Il est étrange de parler de "guerre" au moment où ce terme a progressivement disparu de la scène internationale. Comme s'il était désormais réservé aux événements intérieurs ! Je me souviens de Rocard en 1991 qualifiant l'intervention militaire en Irak non pas de "guerre" mais d' "opération de police". Paradoxalement, c'est maintenant l'inverse : le vocabulaire militaire est fâcheusement appliqué à des actes civils.

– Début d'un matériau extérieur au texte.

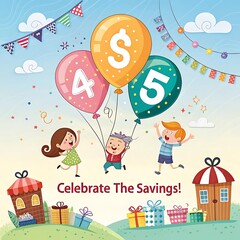 Fototapeta premium happy birthday card with balloons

Vous me direz peut-être que je pinaille, que Sarkozy a utilisé une image que chacun comprend fort bien et qu'il n'est pas nécessaire de suivre au pied de la lettre. C'est bien ce que je reproche à notre président (outre le fait qu'il soit de droite) ! Il a choisi, depuis le début de son mandat, de parler comme monsieur tout le monde pour s'attirer la sympathie de l'homme de la rue. C'est ce que je déplore.

Un chef d'Etat doit maîtriser ses propos, faire attention à ce qu'il dit, utiliser les mots justes, rechercher le vocabulaire de la vérité plutôt que celui de la séduction. Les délinquants doivent être arrêtés par la Police et sanctionnés par la Justice. Mais aucune guerre ne doit être déclenchée contre quiconque. Sinon c'est s'étourdir de termes virils et d'expressions martiales qui dissimulent une impuissance plutôt qu'ils expriment une volonté et une capacité.


Bonne soirée.

7 Comments:

  • J'habite une petite ville de 8000 habitants qui a fait l'effort d'ouvrir un terrain d'accueil. D'autre part, la municipalité a ouvert un joli parc de verdure avec un petit étang où les habitants viennent se détendre, faire du sport ou amener les enfants.
    Or depuis des lustres, tous les étés, les gens du voyage s'installent à cet endroit de force et cette année également malgré le terrain d'accueil. Le maire est furieux et a demandé la visite du sous-préfet. Hier soir, la communauté était toujours là.
    Sans problème, j'ai pu marcher dans le parc au milieu des caravanes, voitures, poules et chiens qui gardent tous les abords du camp. Ce qui est incroyable, c'est la qualité des caravanes, des voitures et des camionnettes, propres, neuves et impeccables.
    Il y avait l'eau et l'électricité et bennes à ordures.
    Sur la départementale, ex route nationale qui traverse la ville, à un rond point, la police surveillait les automobilistes !
    D'un côté, une transgression visible et constatée non sanctionnée à cause du nombre, des associations de défense alors qu'un terrain d'accueil existe, de l'autre la sanction facile sur des automobilistes !
    J'ajoute que la ville voisine a ouvert également un terrain d'accueil qui est devenu par le laxisme du maire socialiste, un terrain pour gens du voyage sédentaires.
    A ce rythme, rien ne peut s'arranger. Ce ne sont pas les effets d'annonce tant pour les quartiers que pour les gens du voyage ou autres qui changeront la donne.
    C'est juste mon avis.

    By Anonymous Anonyme, at 8:47 AM  

  • C'est "juste votre avis", mais votre avis n'est pas juste :

    1- Par définition, par culture, par histoire, les gens du voyage voyagent et s'installent là où il y a de la place. Ca a toujours été comme ça. On peut s'en irriter si on veut. Je crois qu'il vaut mieux l'anticiper et l'organiser.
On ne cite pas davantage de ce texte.